Task brief ::
Without the pictures, give the listing below again exactly.

Given entries below:

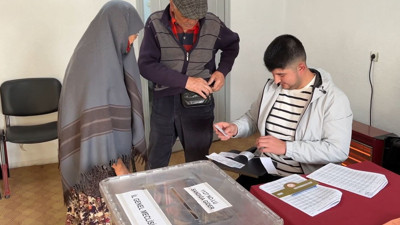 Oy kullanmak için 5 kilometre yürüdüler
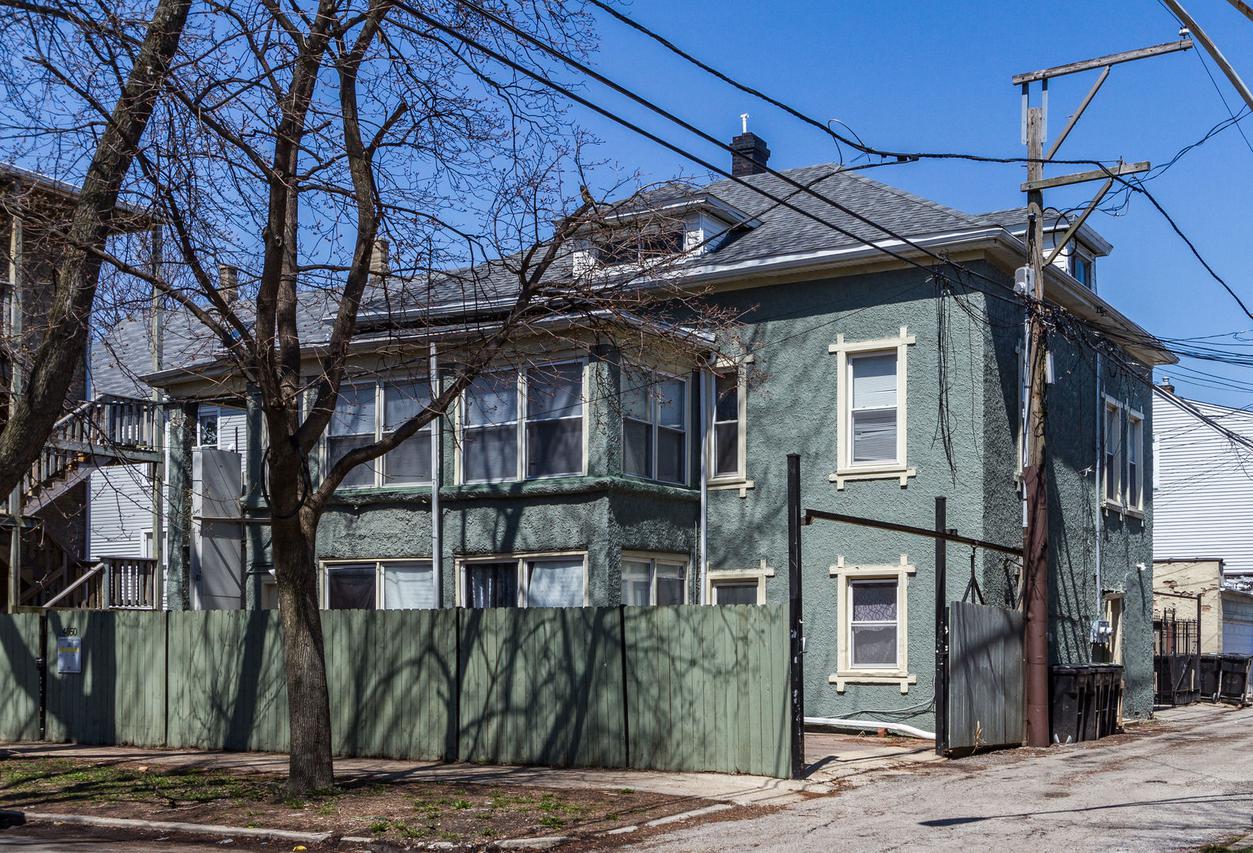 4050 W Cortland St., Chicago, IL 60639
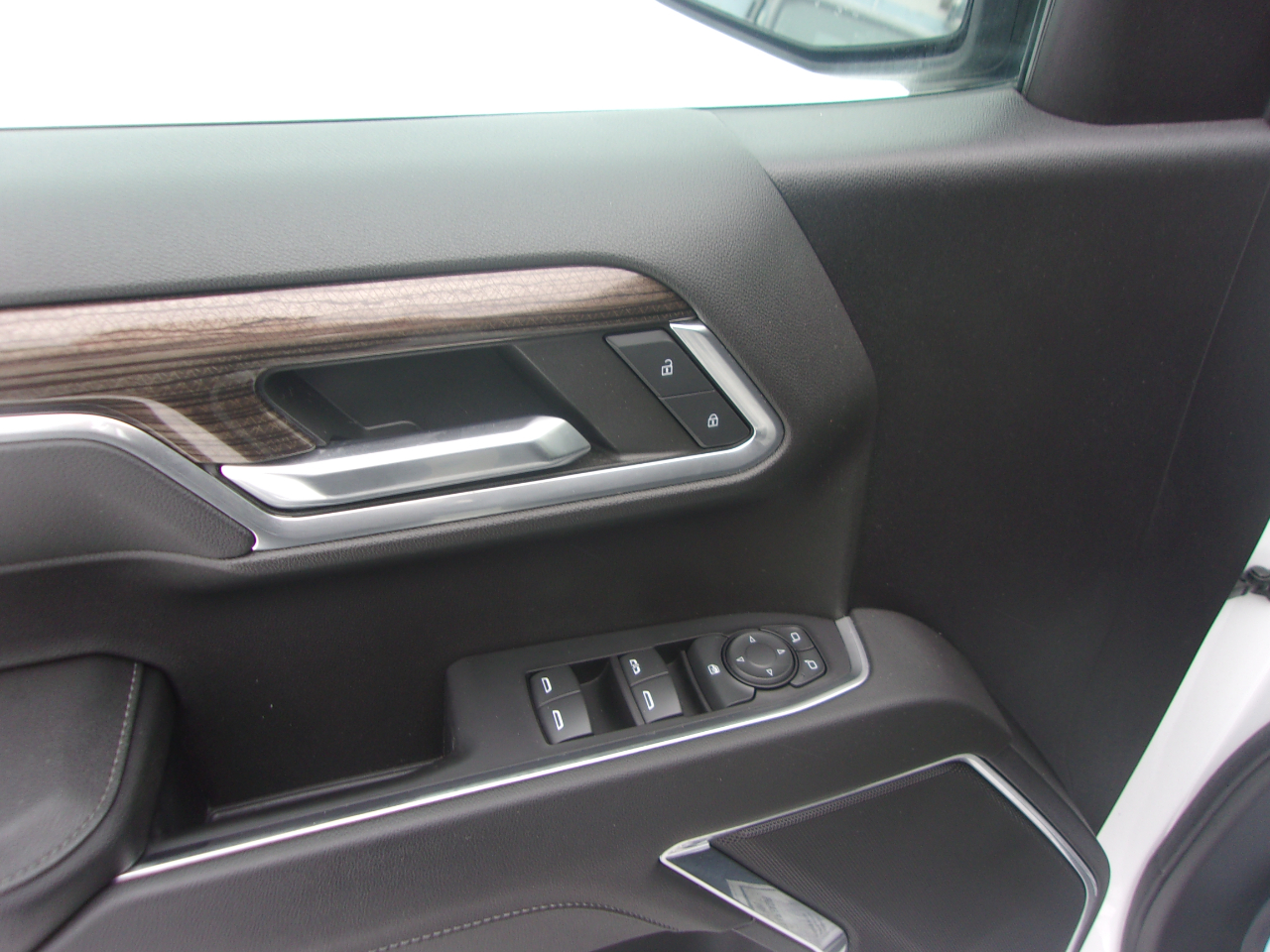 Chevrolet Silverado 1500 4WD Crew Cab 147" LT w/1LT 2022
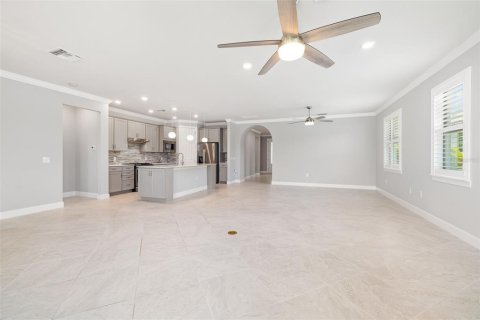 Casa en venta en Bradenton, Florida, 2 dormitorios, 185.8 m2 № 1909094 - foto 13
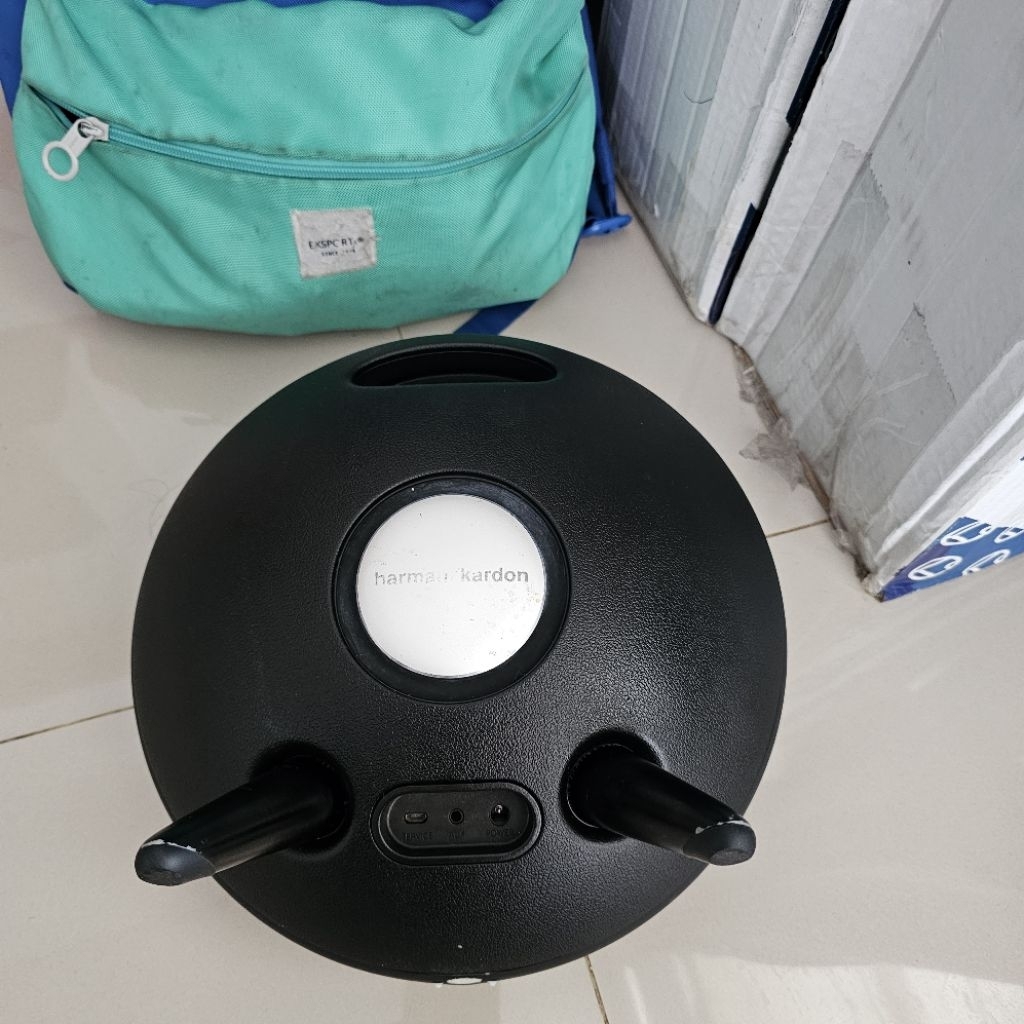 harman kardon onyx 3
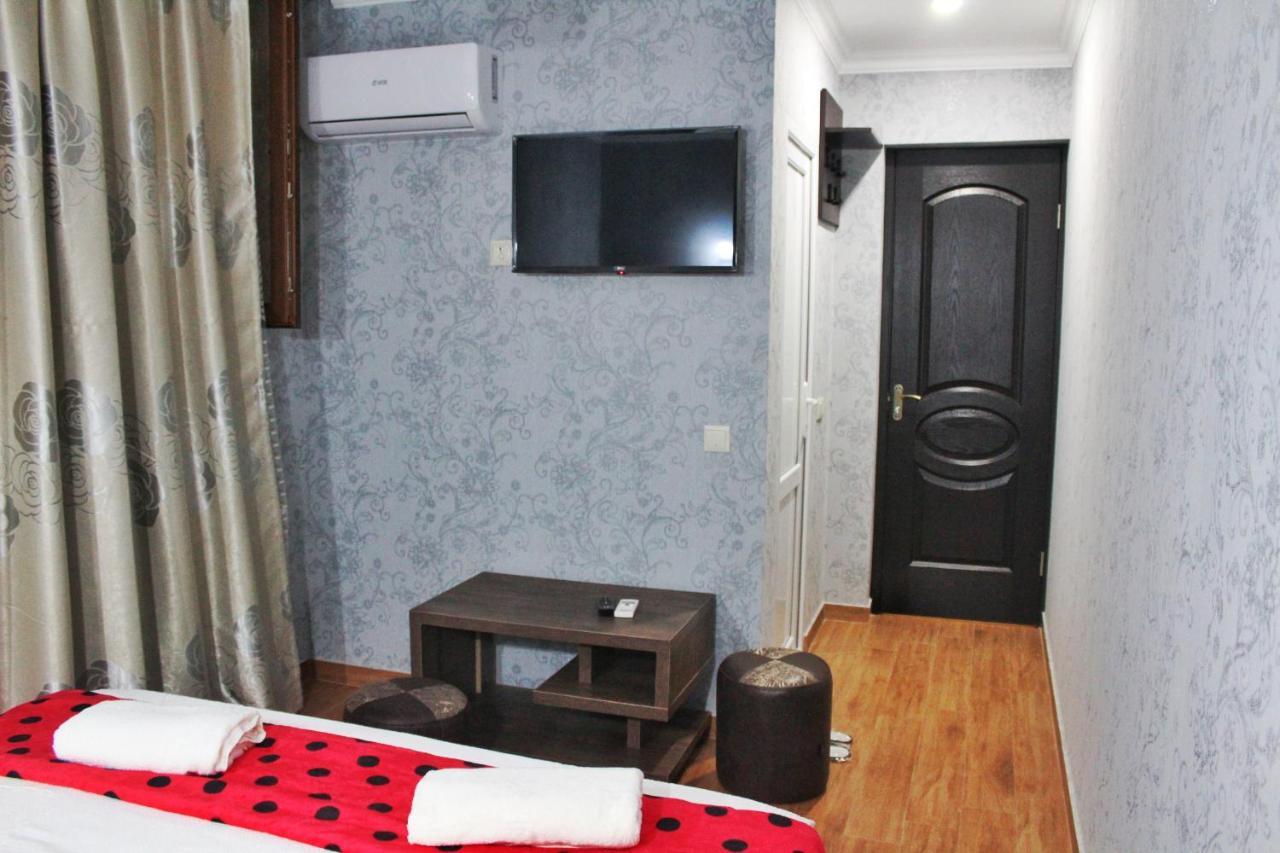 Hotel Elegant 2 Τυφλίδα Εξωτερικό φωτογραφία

End of Given entries.

Task response ::
 Oy kullanmak için 5 kilometre yürüdüler
 4050 W Cortland St., Chicago, IL 60639
 Chevrolet Silverado 1500 4WD Crew Cab 147" LT w/1LT 2022
 Casa en venta en Bradenton, Florida, 2 dormitorios, 185.8 m2 № 1909094 - foto 13
 harman kardon onyx 3
 Hotel Elegant 2 Τυφλίδα Εξωτερικό φωτογραφία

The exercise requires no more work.